Top down modeling and bottom up dynamics: Linking a fisheries based ecosystem model with climate hypotheses in the Northern California Current

Field, J.C., R.C. Francis, and K Aydin. 2006. Top down modeling and bottom up dynamics: Linking a fisheries based ecosystem model with climate hypotheses in the Northern California Current. Progress in Oceanography 68(2-4): 238-270, doi:10.1016/j.pocean.2006.02.010.

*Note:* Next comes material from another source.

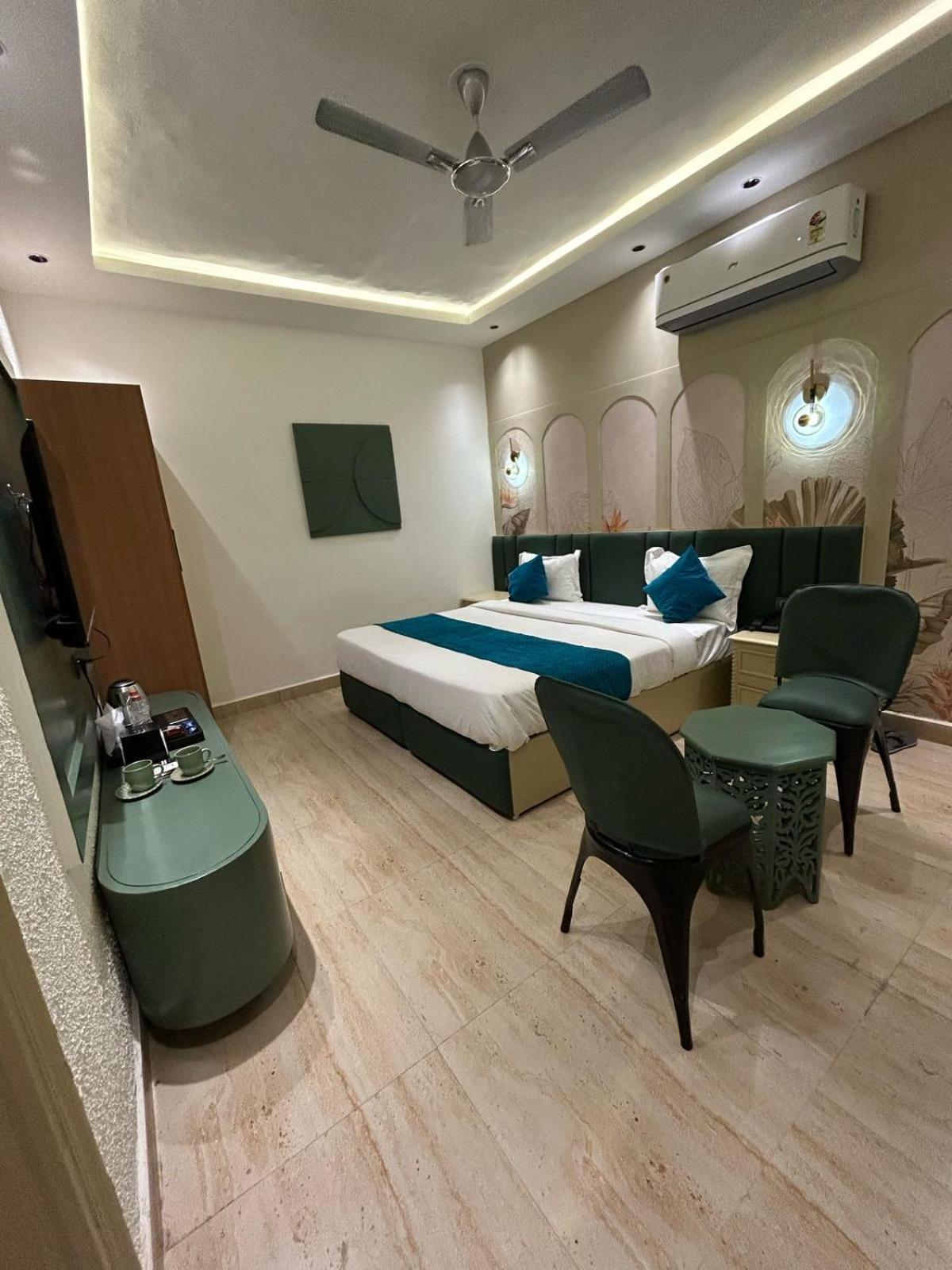 Divine Hotel Karnāl Buitenkant foto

In this paper we present results from dynamic simulations of the Northern California Current ecosystem, based on historical estimates of fishing mortality, relative fishing effort, and climate forcing. Climate can affect ecosystem productivity and dynamics both from the bottom-up (through short- and long-term variability in primary and secondary production) as well as from the top-down (through variability in the abundance and spatial distribution of key predators). We have explored how the simplistic application of climate forcing through both bottom-up and top-down mechanisms improves the fit of the model dynamics to observed population trends and reported catches for exploited components of the ecosystem. We find that using climate as either a bottom-up or a top-down forcing mechanism results in substantial improvements in model performance, such that much of the variability observed in single species models and dynamics can be replicated in a multi-species approach. Using multiple climate variables (both bottom-up and top-down) simultaneously did not provide significant improvement over a model with only one forcing. In general, results suggest that there do not appear to be strong trophic interactions among many of the longer-lived, slower-growing rockfish, roundfish and flatfish in this ecosystem, although strong interactions were observed in shrimp, salmon and small flatfish populations where high turnover and predation rates have been coupled with substantial changes in many predator populations over the last 40 years.